Sürekli yer değiştirme, bombalama ve tehditler, Filistinli gazeteciler üzerinde giderek artan bir psikolojik baskı yarattı. Birçoğu meslektaşlarını kaybetti, şimdi ise kendi yaşamlarının ve ailelerinin tehlikede olduğu bir ortamda çalışıyor.

Gazetecilik artık yalnızca bir meslek değil, hayatta kalma direnişi haline geldi.

Bu tabloyu doğrulayan bir diğer isim, saha muhabiri Abdullah Türkmani.

Üç yıldır süren saldırıların hem mesleki hem de kişisel olarak sürekli bir yerinden edilme, korku ve yıkıma yol açtığını söyleyen Türkmani, şöyle konuştu:

“Sürekli saha haberciliği, bombardıman altındaki yaşam ve ailemi koruma çabası arasında bir denge kurmak neredeyse imkânsız. Olaylar ve korku arasında sıkışmış bir yaşam bu.”

Ocak ayında geçici ateşkesin ardından Gazze’ye dönen Türkmani, ailesinin hasarlı evini onarmaya çalışsa da kısa süre sonra yeniden kaçmak zorunda kaldıklarını belirtek şunları ekledi:

“Evimizde sadece bir ay kalabildik. Tekrar yerimden ayrılmak istemiyordum ama kızım yaralandığında, küçük bir kesiği tedavi ettirmek için saatlerce bekledim. Dikiş, iyot, gazlı bez bile bulamadım. O an sağlık sisteminin tamamen çöktüğünü anladım.”

Türkmani, bilgisayarının bozulmasının ardından haberlerini cep telefonundan yazdığını ve bunun büyük bir zaman ve emek kaybı yarattığını anlattı.

Savaş sırasında tahrip edilen veya çalınan ekipmanların yerine yenilerinin konulamadığını, İsrail’in medya araçlarının girişine sıkı kısıtlamalar getirdiğini vurguladı.

Gazetecilerin yaşadığı bu zorlukları Filistin Gazeteciler Sendikası Genel Sekreteri Ahed Farwana da doğruladı.

Farwana, İsrail’in gazetecileri doğrudan hedef alan “medya soykırımı” yürüttüğünü belirterek, saldırıların küresel gazetecilik tarihinde eşi benzeri görülmemiş boyutlara ulaştığını ifade etti. 

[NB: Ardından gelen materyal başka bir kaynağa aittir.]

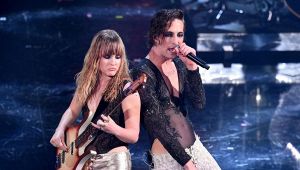 Maneskin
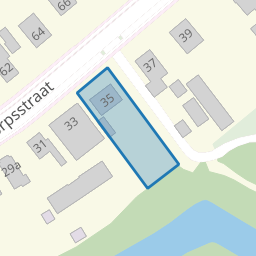 Perceel HDB01-G-2208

Bugüne kadar 250’den fazla gazetecinin öldürüldüğünü bildiren Farwana, “Yüzlercesi ise yaralandı veya tutuklandı. Gazeteciler, asgari kaynaklarla, elektrik, internet ve yakıt olmadan çalışıyorlar. Aynı anda hem hedef alınıyor hem de yerlerinden ediliyorlar” diye konuştu.

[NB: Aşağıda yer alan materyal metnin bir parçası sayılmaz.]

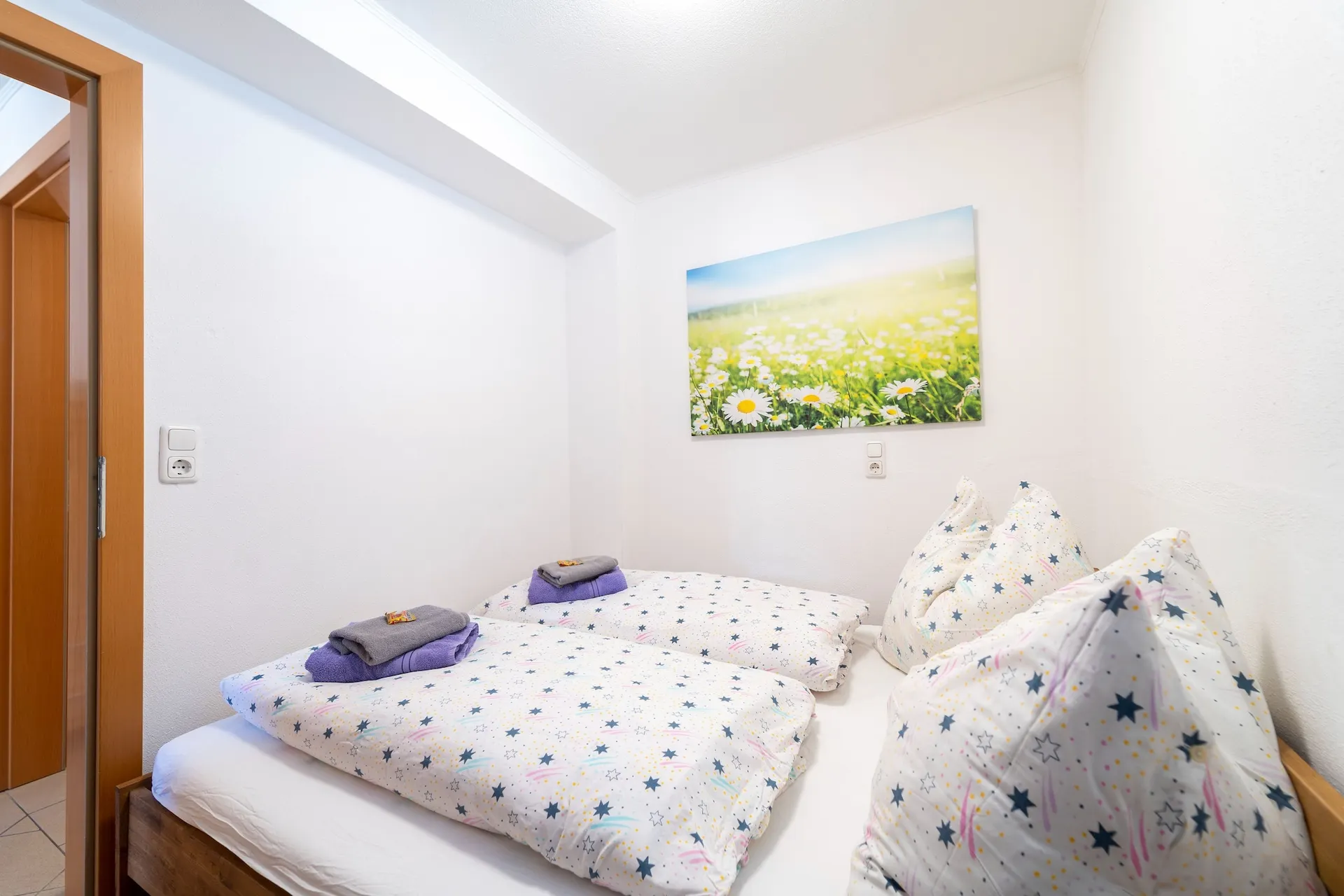 Slaapkamer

Farwana, uzun süren savaşta medya merkezlerinin, iletim kulelerinin ve ekipmanların yok edildiğini, yeni malzeme girişinin engellenmesi nedeniyle gazetecilerin performansının ciddi biçimde etkilendiğini söyledi.

Filistinli gazetecilerin, asgari kaynaklarla, elektrik, internet veya yakıt olmadan çalışırken hedef alındıkları ve yerlerinden edildikleri için çifte bir trajedi yaşadıklarını da sözlerine ekledi.